Recent Reads: Paper Towns

After reading The Fault in Our Stars and Looking for Alaska (which I have to reread before I write a post) I needed another book to read. Still on my John Green kick, I turned to Paper Towns after hearing how good it was from everyone around me.

The main character Quentin, aka Q, is a regular high school senior. He has his dopey friends, each with a strong character voice and personality. He’s not super popular, but he doesn’t really care about that. Then Margo happens…..

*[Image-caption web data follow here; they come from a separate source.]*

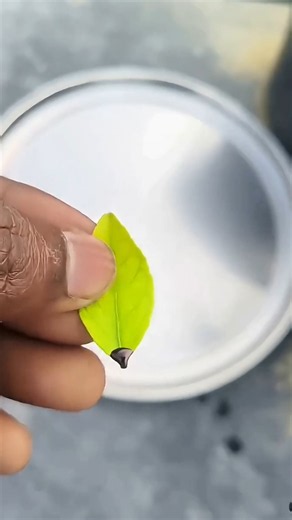 Ink Water Boat Hack ✅ | science project class 7th #shorts #diy #science #experiment #trending #viral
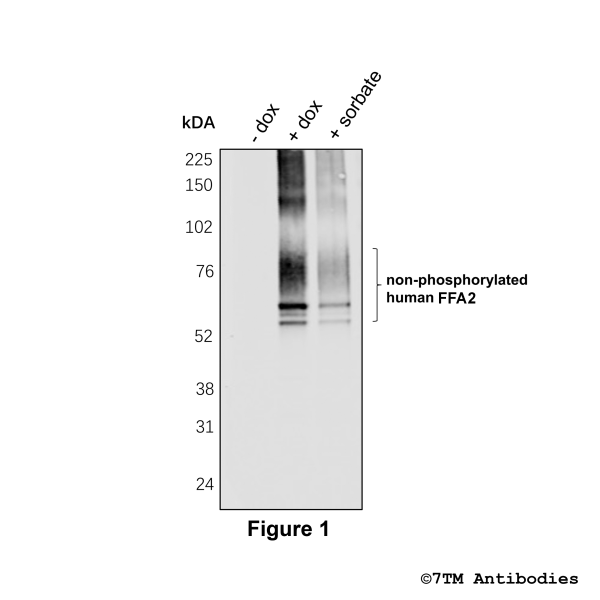 Validation of the FFA2 in transfected HEK293 cells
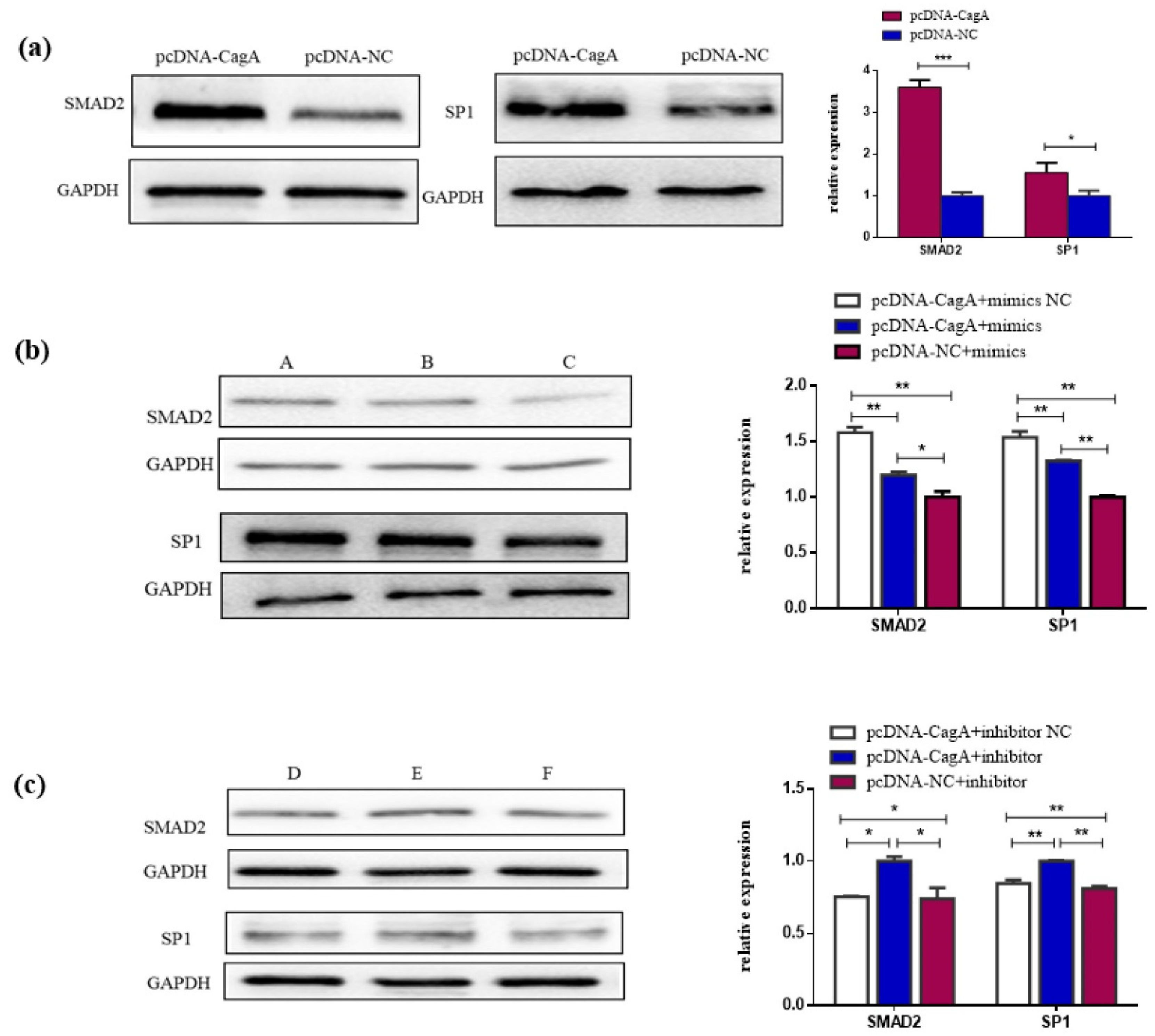 Pathogens 11 00846 g005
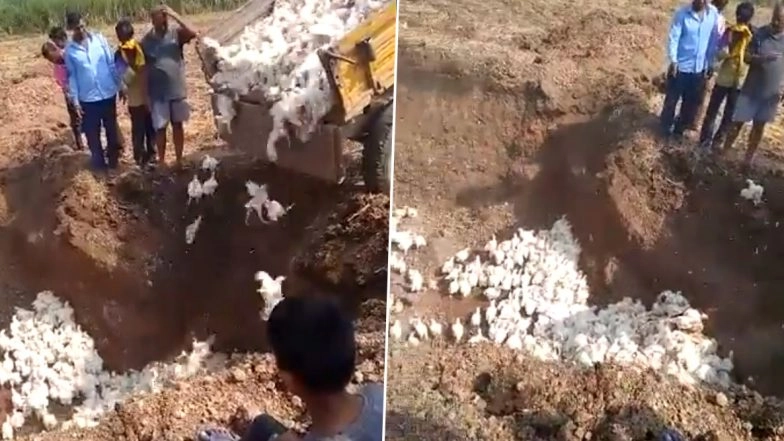 Coronavirus Scare: Farmer Buries 6,000 Chickens Alive in Karnataka's Belagavi Amid Fall In Prices Due To COVID-19, Shocking Video Goes Viral
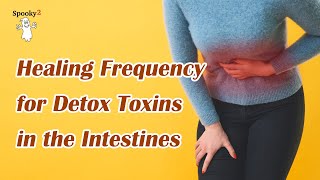 Healing Frequency for Detox Toxins In The Intestines  Spooky2 Rife Frequencies [upl. by Colvert]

One night she sneaks into his bedroom and whisks him off for a night he’ll never forget. The ever normal Q is thrown into the abnormal life of Margo and she leaves him with more questions than answers.

Literally….

The next day she disappears. Gone. Now, this is typical Margo, everyone expects her to be back in a couple of days with a fantastic story to tell. But something tells Q that this time something is different. With only a handful of clues and a lot of speculation, Q sets out to find her and learns that he knew less about the girl next door than he thought.

I really liked reading this book because I felt like I could really connect with Q and his friends. There was a something so human about their interactions, it felt like I could hear the words being spoken in the hallways of my school. One of my favorite parts was when Q, Radar, and Ben were talking about the difficulties of prom and getting dates. Green talks about the unglamorous parts of it in a way that everyone can relate. While Q is kind of pessimistic about prom, his thoughts weren’t ones that all of us hadn’t had before. Margo, a creature of enigma is someone that everyone could easily know. But at the same time she’s more complex than that.

There are a plethora of “one liners” in the book. From funny ones to insightful ones that will end up as tattoos and Instagram selfie captions. Without realizing it, I started to think more about life and love. There’s a short passage where Q is in English class and his teacher is talking about Moby Dick and whether Captain Ahab should be considered a hero or has an obsession.

This cause me to think of the relationship between Margo and Q. With everything that he does in the attempt to find her, should it be considered romantic? Does Q really love her, or is he obsessed with the journey to find her and the idea of loving her.

All in all, it was a wonderful book and I encourage everyone to read it. It gives you a look at individuals and is the perfect example of the saying “there’s more that what meets the eye” especially in people.